There are lots of different types of RAID. Some are for speed and some are for redundancy (i.e. if you lose a drive it doesn't destroy your data).

The most common types of RAID are:

RAID 0
This simply lumps all your disks together so that Windows sees one huge drive. Advantage is that data is written quicker to disk and you can create large partitions. Disadvantage is that if one disk fails you lose your data

RAID 1
This mirrors the disks. You would use 2 disk to create a mirror. Whatever is written to the first disk is also written to the 2nd. If disk one fails then you break the mirror and you are up and running again. Advantage is that it provides redundancy. Disadvantage is that you need double the disk space (i.e. if you have 2 x 250Gb drives you only have 250Gb as storage space available)

RAID 5
This uses 3 or more identical disk to spread the data over, with parity information. What is parity information you may ask ? Parity information is a sort of error checking info that allows you to reconstruct missing data if a disk fails. If you have 3 disks configured for RAID 5 and one disk fails then you will NOT lose any data. The parity information spread over the working disks allow your computer to work out what data was lost on the failed drive. You simply replace the failed disk and the PC will rebuild the data 8O Advantage is that you are protected if a single disk fails. Disadvantage is that it is more costly (need more disks)

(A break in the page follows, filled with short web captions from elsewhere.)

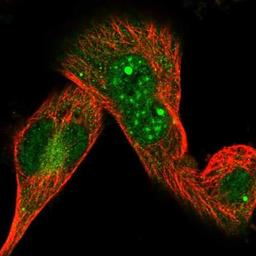 Immunocytochemistry/Immunofluorescence: LARS2 Antibody [NBP1-83059] - Immunofluorescent staining of human cell line U-251 MG shows positivity in nucleoli, nucleus but not nucleoli & cytoplasm.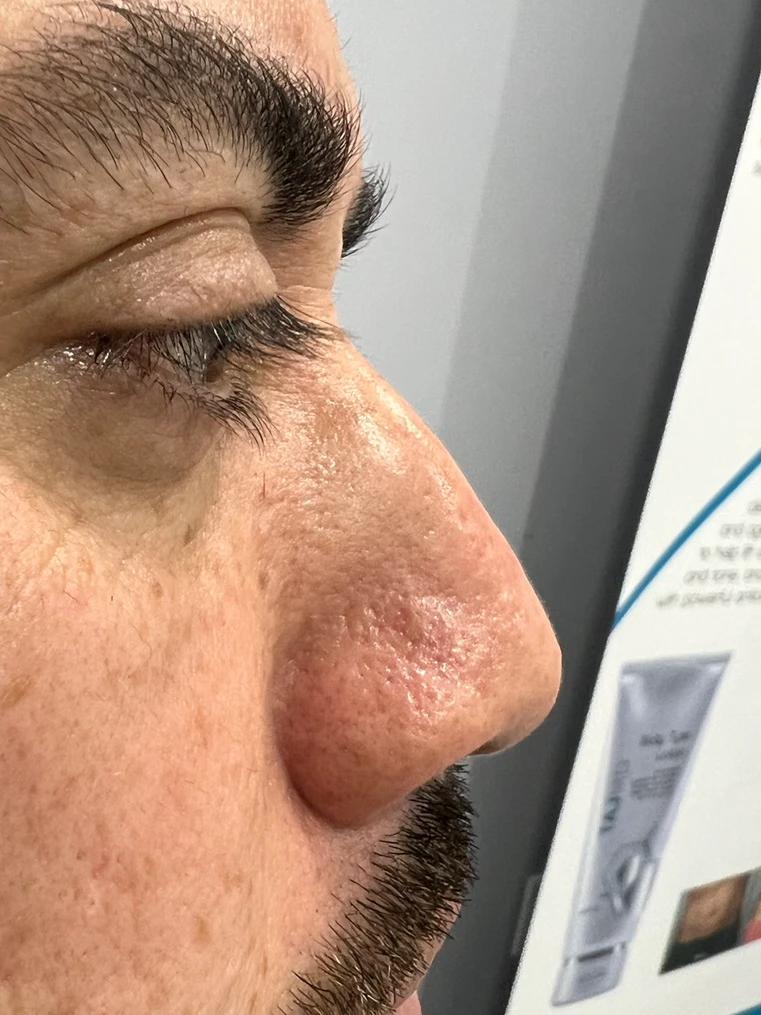 Liquid Nose Job Men Before After in Hoboken, NJ and Weehawken, NJ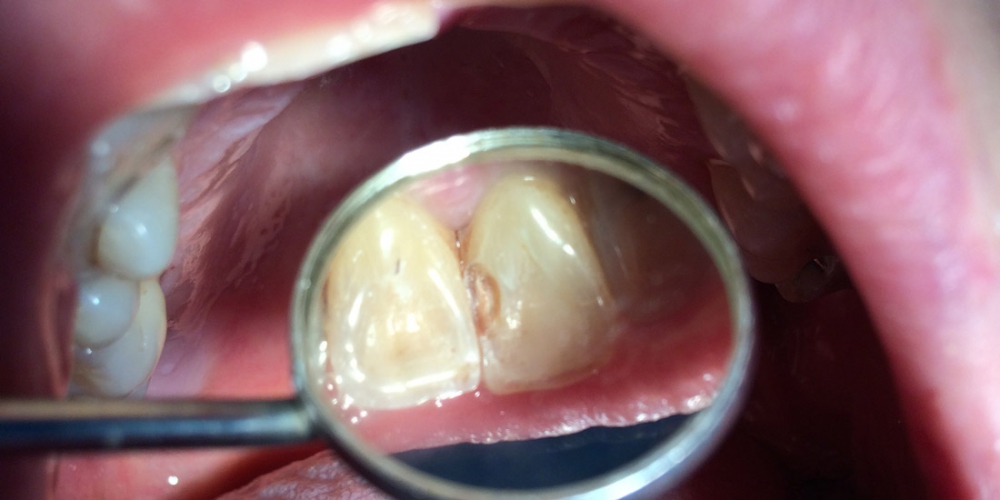  Результат замены пломбы на переднем зубе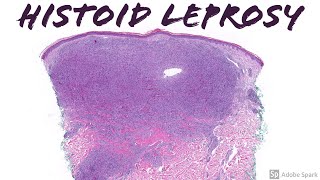 quotHistoidquot Lepromatous Leprosy Hansen disease [upl. by Llednor]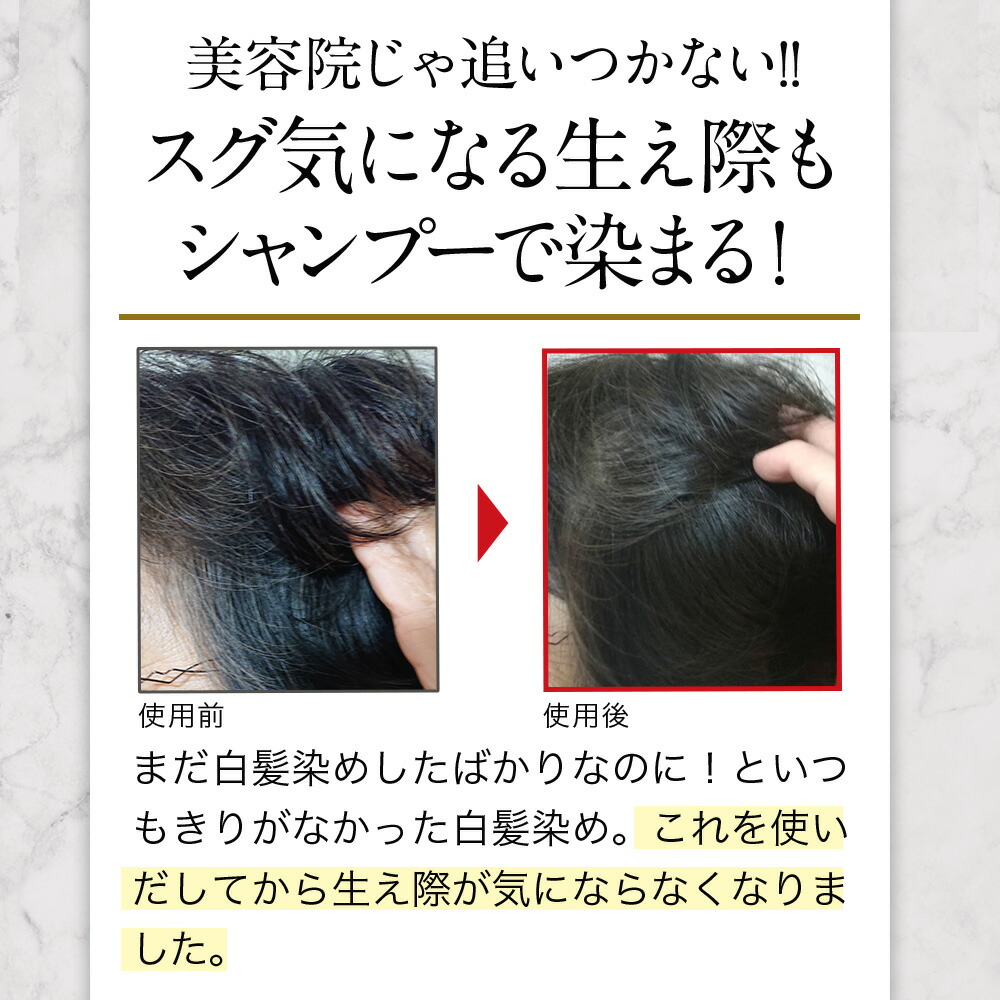 バランローズ Kuroクリームシャンプー 3個セット ナチュラルブラウン Valanrose Kuro Cream Shampoo 400g シャンプー クリームシャンプー ヘアカラー 白髪 髪 ヘアケア 白髪染め 黒 Kuro クロ トリートメント Mpgbooks Com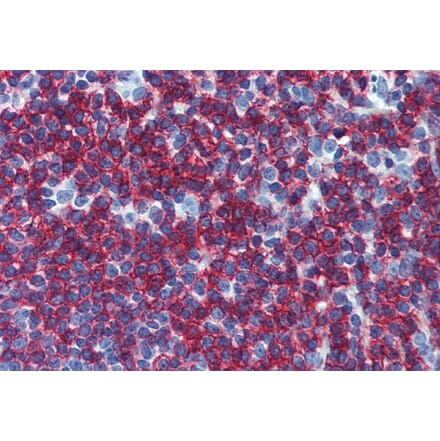 Immunohistochemistry - Anti-CD45RB Antibody [MEM-55] (A85778) - Antibodies.com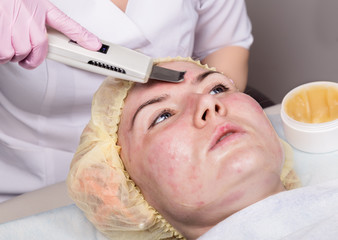 beautician at work. Ultrasonic face cleaning procedure for problem skin. Pore cleansing, oxygen saturation for woman's face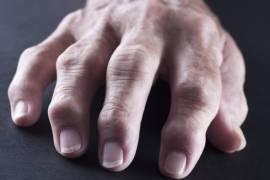 Bicarbonato de sodio reduce inflamación de la artritis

I personally would go for the RAID 5 option if you don't want to lose any data if a disk fails. Disks do not generally fail very often but I would hate to lose all my MP3 and DivX collection !

You can use software RAID (windows supports it) or hardware RAID (buy a card capable of doing RAID).

To answer your other questions.....
I have a PROMISE card and also recommend them.
40% speed increase sounds rather high. To be honest the most important thing is to have a fast drive for your operating system. I'm not too bothered if my DivX movie takes a couple of seconds more to load. Chose a fast drive for XP and then make a RAID array for all your data

Good luck

P.S> You will need drives with the same specification (speed and size) to make a RAID array. Don't mix them.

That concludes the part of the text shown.